Premium
Analysis of clinical data of patients with different outcomes after short‐time insemination
Author(s) -
Guo H.,
Yang J.,
Zhang C.,
Li H.,
Yin B.,
Gu B.,
Xie J.,
He Q.
Publication year - 2012
Publication title -
andrologia
Language(s) - English
Resource type - Journals
SCImago Journal Rank - 0.633
H-Index - 59
eISSN - 1439-0272
pISSN - 0303-4569
DOI - 10.1111/j.1439-0272.2011.01247.x
Subject(s) - infertility , insemination , sperm , fertilisation , statistical significance , unexplained infertility , medicine , intrauterine insemination , male infertility , gynecology , pregnancy rate , clinical significance , artificial insemination , obstetrics , pregnancy , andrology , biology , reproductive technology , genetics , lactation
Summary The study is to analyse the clinical data of the two groups of patients with different fertilisation outcomes after short‐time insemination and probe into short‐time insemination indications.

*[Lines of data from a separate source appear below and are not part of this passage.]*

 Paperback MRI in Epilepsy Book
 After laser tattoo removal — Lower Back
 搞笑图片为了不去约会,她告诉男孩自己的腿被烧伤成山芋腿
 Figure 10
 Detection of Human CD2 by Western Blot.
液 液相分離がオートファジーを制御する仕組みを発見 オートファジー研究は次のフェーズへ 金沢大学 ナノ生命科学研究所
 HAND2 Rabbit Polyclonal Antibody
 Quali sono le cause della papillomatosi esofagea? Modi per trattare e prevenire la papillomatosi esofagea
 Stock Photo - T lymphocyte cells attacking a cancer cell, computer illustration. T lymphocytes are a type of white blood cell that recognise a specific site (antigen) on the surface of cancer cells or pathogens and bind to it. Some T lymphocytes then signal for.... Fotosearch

A retrospective study including 558 cycles of short‐time insemination in our centre during January 2009 to June 2010 which were divided into two groups by the method of fertilisation, 472 cycles by IVF and 86 cycles by Re‐ICSI group according to fertilisation conditions to and compare the differences between the two groups in the indexes of average female age, average male age, duration of infertility, forward‐moving sperm counts, abnormal sperm rate, proportion of primary infertility, etc. The differences between the two groups have statistical significance in duration of infertility, forward‐moving sperm counts, abnormal sperm rate and proportion of primary infertility (5.02 ± 3.12 versus 5.86 ± 3.35; 83.06 ± 78.55 versus 54.02 ± 61.78; 83.56 ± 5.24% versus 86.31 ± 5.26%; 56.87% versus 74.42%; P < 0.05). The discrepancy between the two groups has no statistical significance in average female age and average male age ( P > 0.05). Duration of infertility, forward‐moving sperm counts, abnormal sperm rate and previous pregnancy history have great significance to predict fertilisation failure, so decisions should be made on the basis of the above indexes when evaluating whether a patient should conduct short‐time insemination.